Task requirements: Nothing in the entries should change; repeat them exactly.

Supplied material:

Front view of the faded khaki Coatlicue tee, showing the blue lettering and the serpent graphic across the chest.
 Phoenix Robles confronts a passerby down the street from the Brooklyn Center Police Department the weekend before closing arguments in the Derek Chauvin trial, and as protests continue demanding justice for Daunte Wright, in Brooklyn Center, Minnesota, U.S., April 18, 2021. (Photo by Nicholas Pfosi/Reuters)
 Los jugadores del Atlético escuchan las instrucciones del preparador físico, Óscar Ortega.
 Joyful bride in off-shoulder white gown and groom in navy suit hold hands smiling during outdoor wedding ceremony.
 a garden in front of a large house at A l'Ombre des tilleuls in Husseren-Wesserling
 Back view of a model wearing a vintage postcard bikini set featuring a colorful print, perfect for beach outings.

Result of the task:
Front view of the faded khaki Coatlicue tee, showing the blue lettering and the serpent graphic across the chest.
 Phoenix Robles confronts a passerby down the street from the Brooklyn Center Police Department the weekend before closing arguments in the Derek Chauvin trial, and as protests continue demanding justice for Daunte Wright, in Brooklyn Center, Minnesota, U.S., April 18, 2021. (Photo by Nicholas Pfosi/Reuters)
 Los jugadores del Atlético escuchan las instrucciones del preparador físico, Óscar Ortega.
 Joyful bride in off-shoulder white gown and groom in navy suit hold hands smiling during outdoor wedding ceremony.
 a garden in front of a large house at A l'Ombre des tilleuls in Husseren-Wesserling
 Back view of a model wearing a vintage postcard bikini set featuring a colorful print, perfect for beach outings.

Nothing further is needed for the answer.